_Data excerpt_
#####

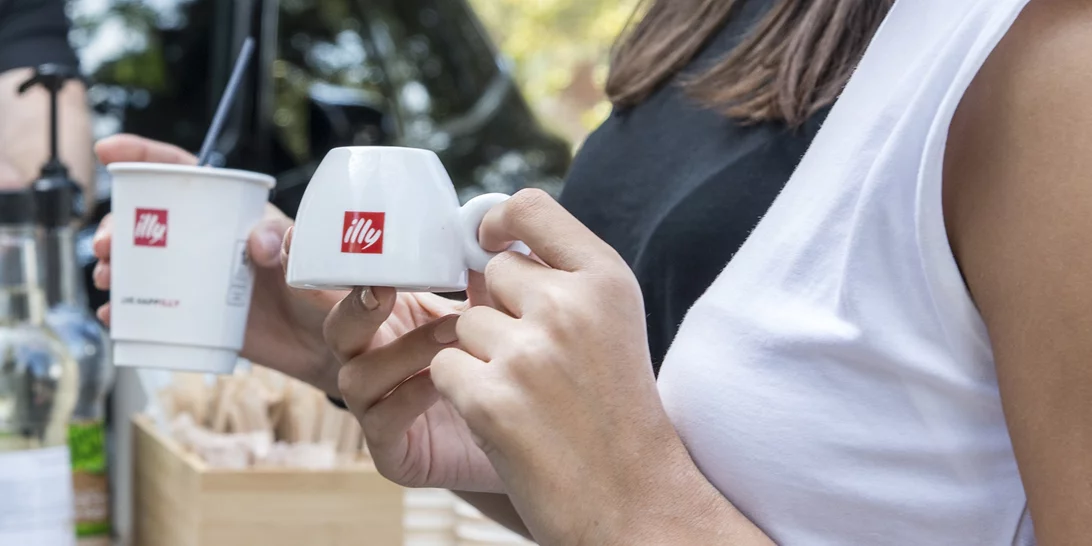 #cupsidedown | Ο καφές άλλαξε ... οπτική γωνία και μάς χάρισε το καλύτερο ξεκίνημα στην ημέρα μας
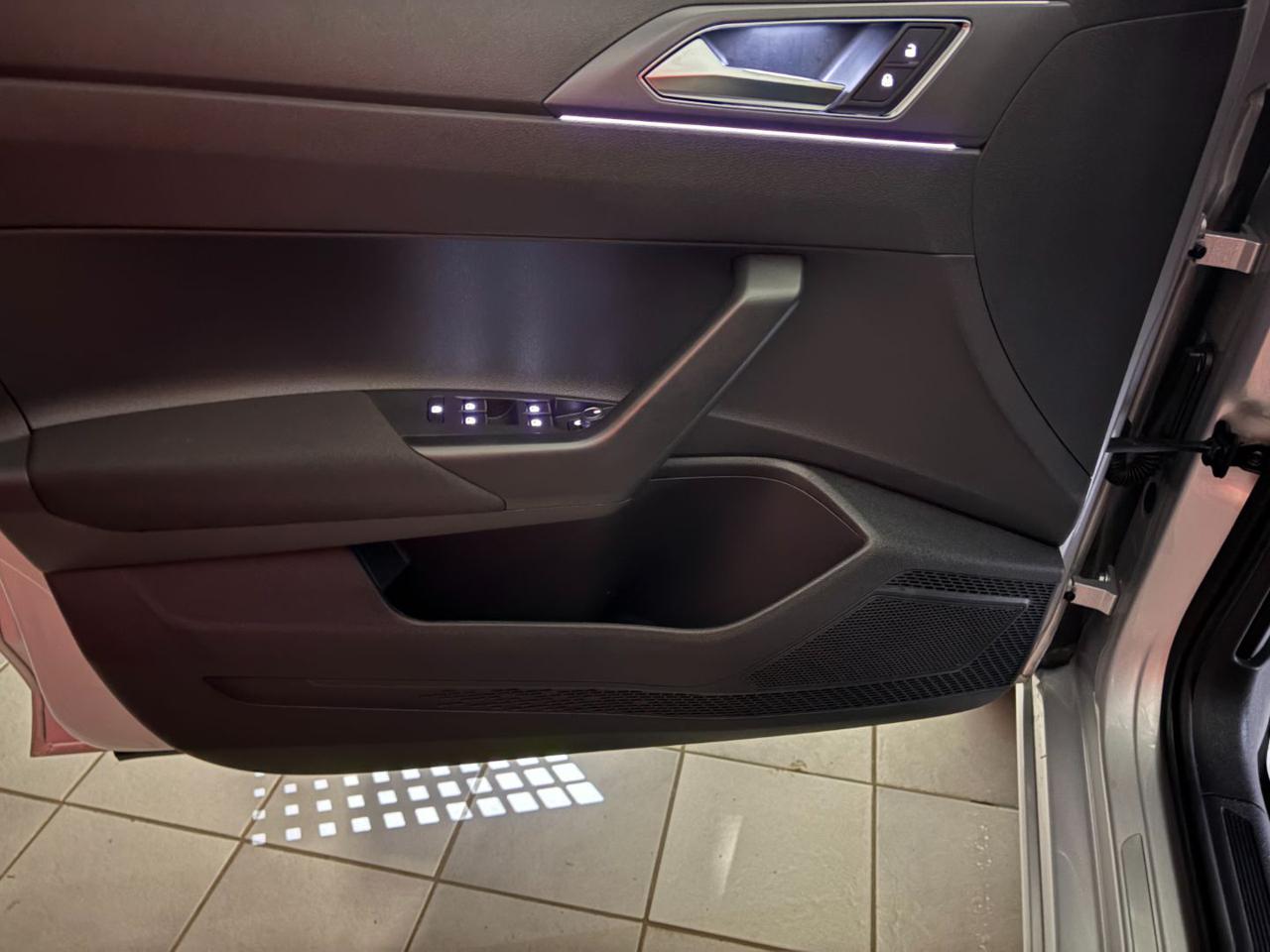 VOLKSWAGEN Taigo 1.0 TSI 116 CV DSG R-Line TETTO APR/PAN - 34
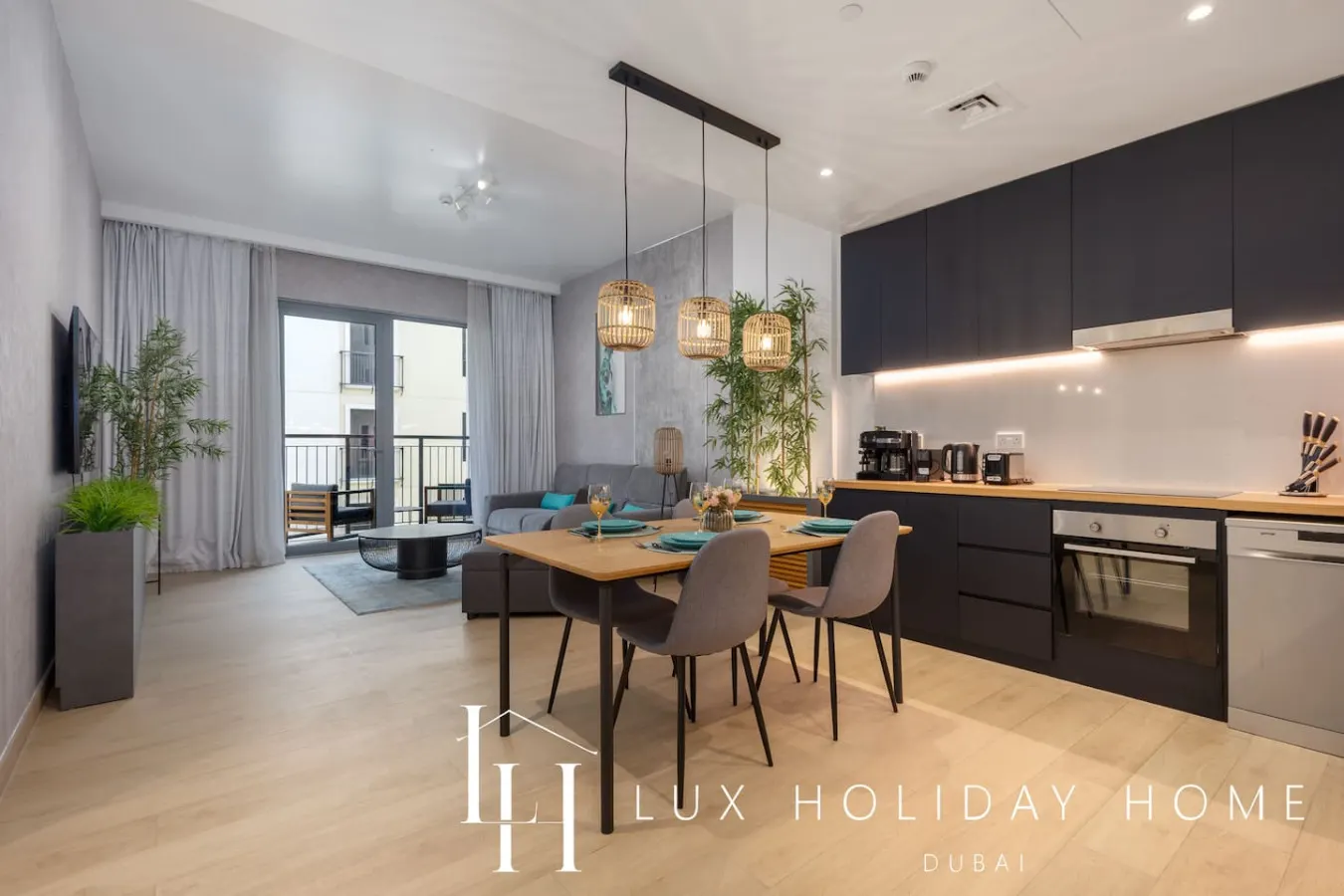 LUX The La Mer Beach Suite 5 1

#####

_What the task asks_
Retype the data exactly as it stands, but keep the images out of your copy.

_Result_
 #cupsidedown | Ο καφές άλλαξε ... οπτική γωνία και μάς χάρισε το καλύτερο ξεκίνημα στην ημέρα μας
 VOLKSWAGEN Taigo 1.0 TSI 116 CV DSG R-Line TETTO APR/PAN - 34
 LUX The La Mer Beach Suite 5 1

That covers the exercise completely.